O filme acerta também no aspecto técnico. Mallick dirige bem seus atores, a trilha sonora quase constante é sensacional e, num filme com poucos diálogos, ajuda a passar as emoções dos personagens; e a fotografia é belíssima. Os planos usados na filmagem, com ângulos na maioria das vezes de baixo pra cima (mesmo nas cenas de Jack adulto), dão a impressão de estarmos vendo o filme sempre pela perspectiva de uma criança.

Com tantos detalhes e cenas abertas para interpretação, seria impossível comentar tudo aqui nesse espaço, mas "Árvore da Vida" é uma experiência que te impossibilita de ficar indiferente. Pode não ser o melhor filme do ano, mas, com certeza, é o mais diferente, o "mais único".

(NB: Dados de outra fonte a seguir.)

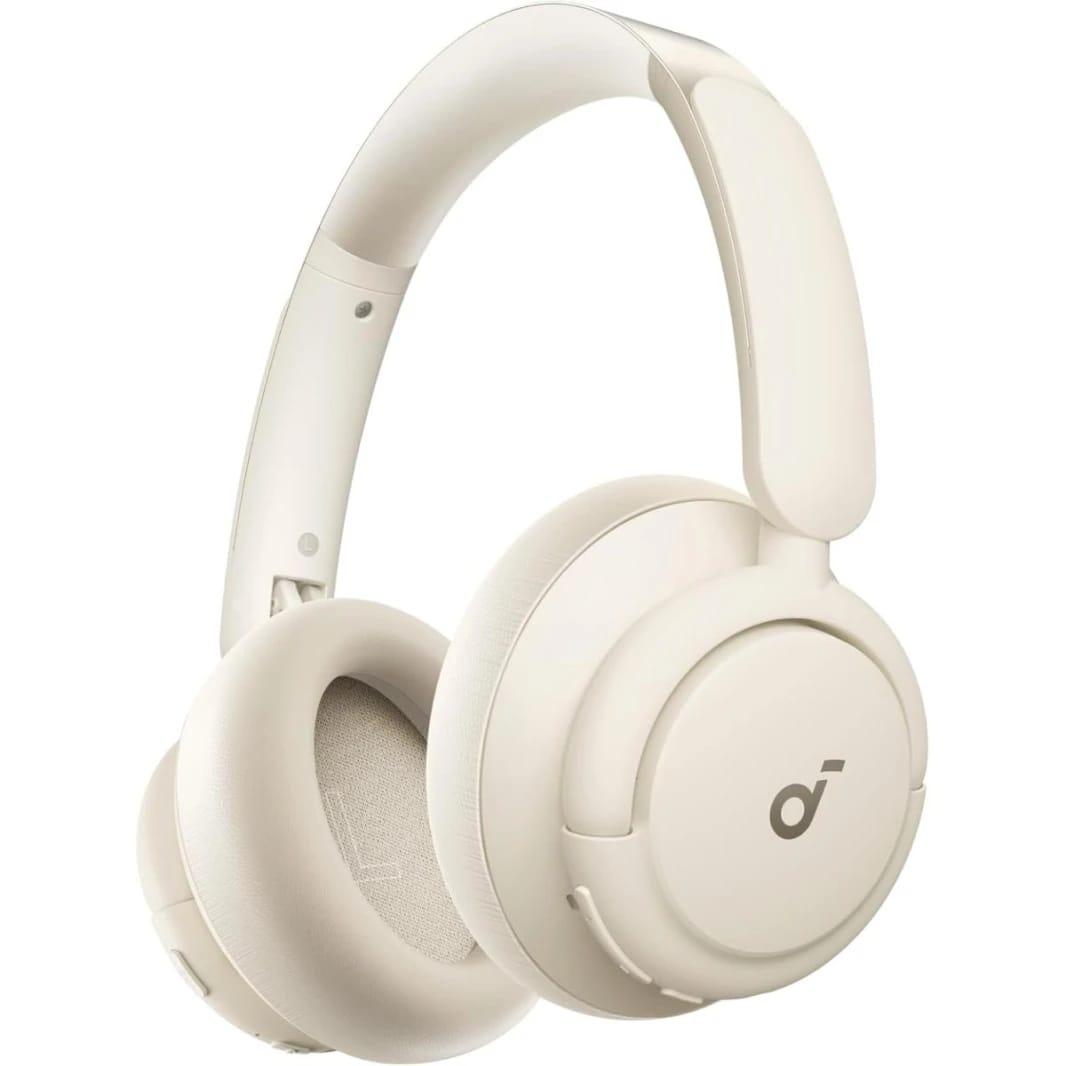 Soundcore Q30 by Anker, Hybrid Active Noise Cancelling Headphones, Hi-Res Audio, 50H Playtime, Bluetooth, Beige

E na cena final, mesmo sem ter muita certeza do que se tratava - talvez o encontro no Paraíso, talvez um misto das memórias de Jack, vai da interpretação de cada um -, senti um estranho nó na garganta. E percebi que "Árvore da Vida", por mais piegas que soe, é um filme que você sente, não apenas vê.

The Tree Of Life
EUA , 2011 - 139 min.
Drama
Direção: Terrence Malick
Roteiro: Terrence Malick
Elenco: Brad Pitt, Sean Penn, Jessica Chastain, Hunter McCracken
Indicações ao Oscar: Melhor Filme, Melhor Diretor e Melhor Fotografia.